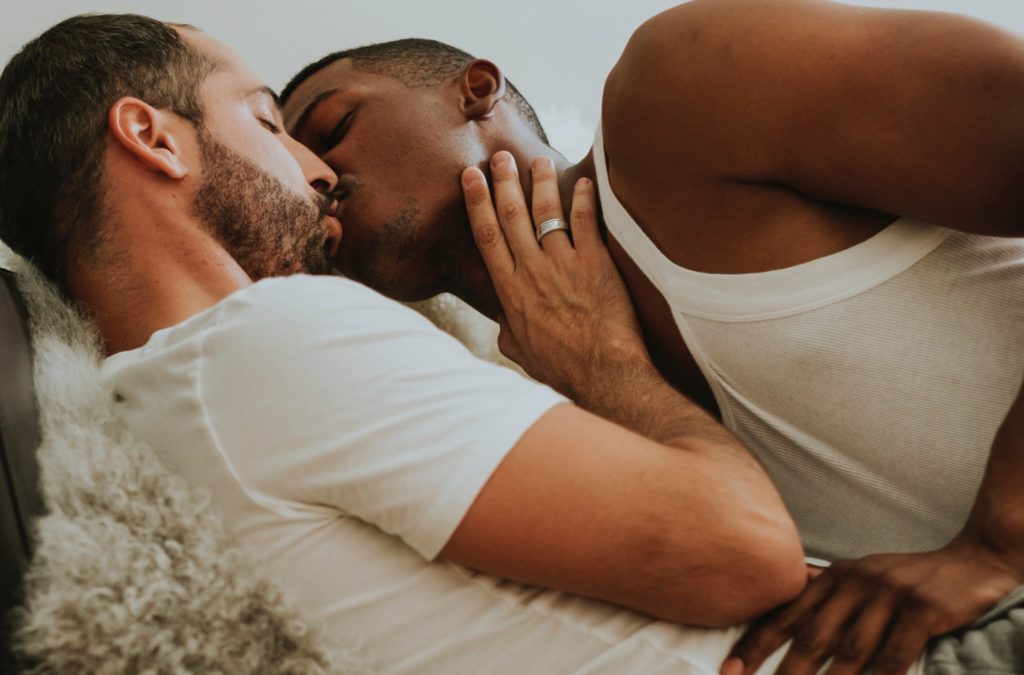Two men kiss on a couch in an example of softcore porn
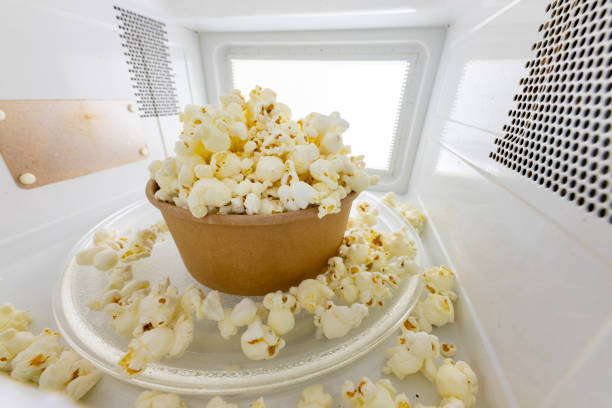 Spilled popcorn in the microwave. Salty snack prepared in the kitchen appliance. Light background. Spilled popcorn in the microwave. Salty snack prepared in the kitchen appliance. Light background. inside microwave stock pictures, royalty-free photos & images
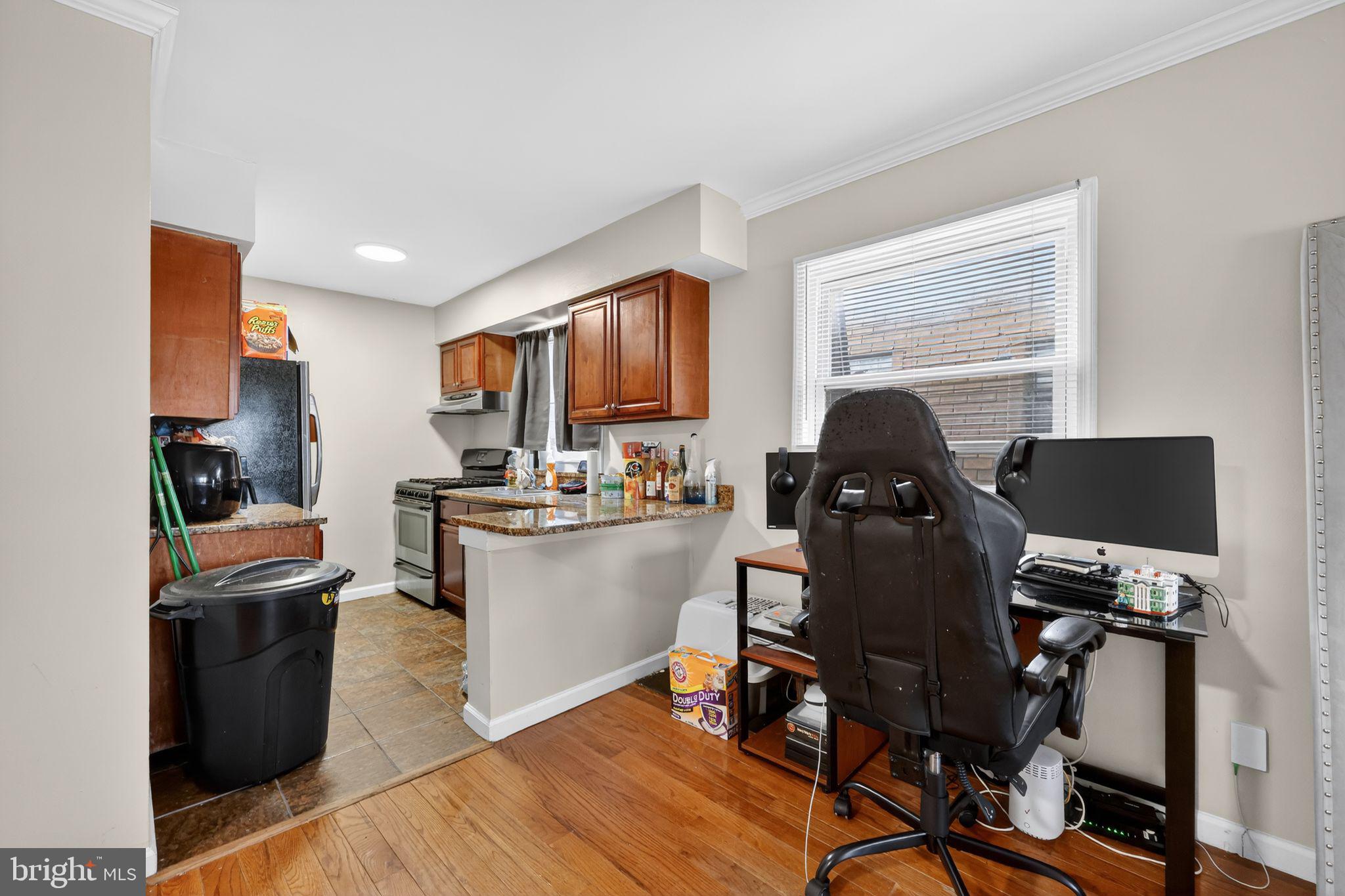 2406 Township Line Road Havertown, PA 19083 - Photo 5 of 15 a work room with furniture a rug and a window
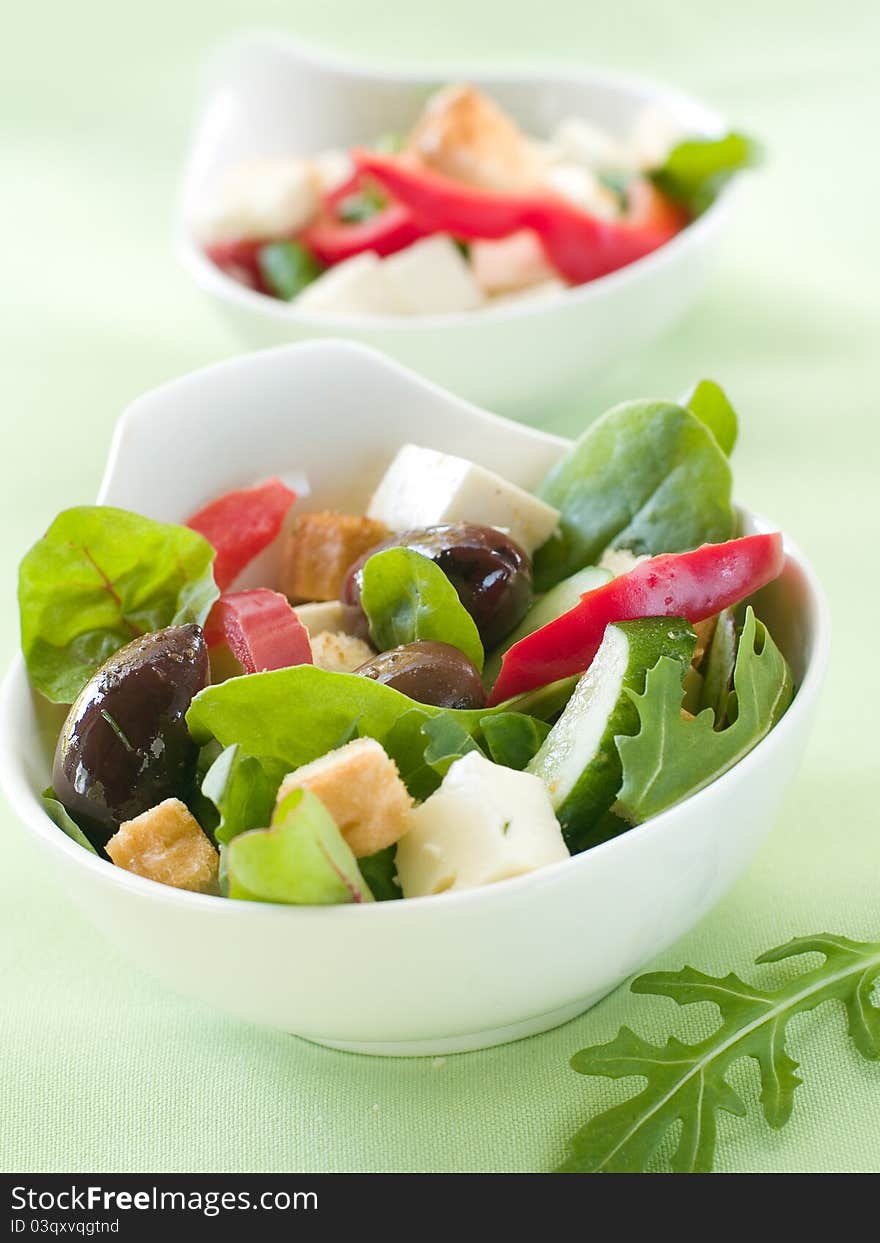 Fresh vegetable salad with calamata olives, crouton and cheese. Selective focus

### Exercise directions
Please copy the data shown above word for word, omitting the pictures.

### Result
Two men kiss on a couch in an example of softcore porn
 Spilled popcorn in the microwave. Salty snack prepared in the kitchen appliance. Light background. Spilled popcorn in the microwave. Salty snack prepared in the kitchen appliance. Light background. inside microwave stock pictures, royalty-free photos & images
 2406 Township Line Road Havertown, PA 19083 - Photo 5 of 15 a work room with furniture a rug and a window
 Fresh vegetable salad with calamata olives, crouton and cheese. Selective focus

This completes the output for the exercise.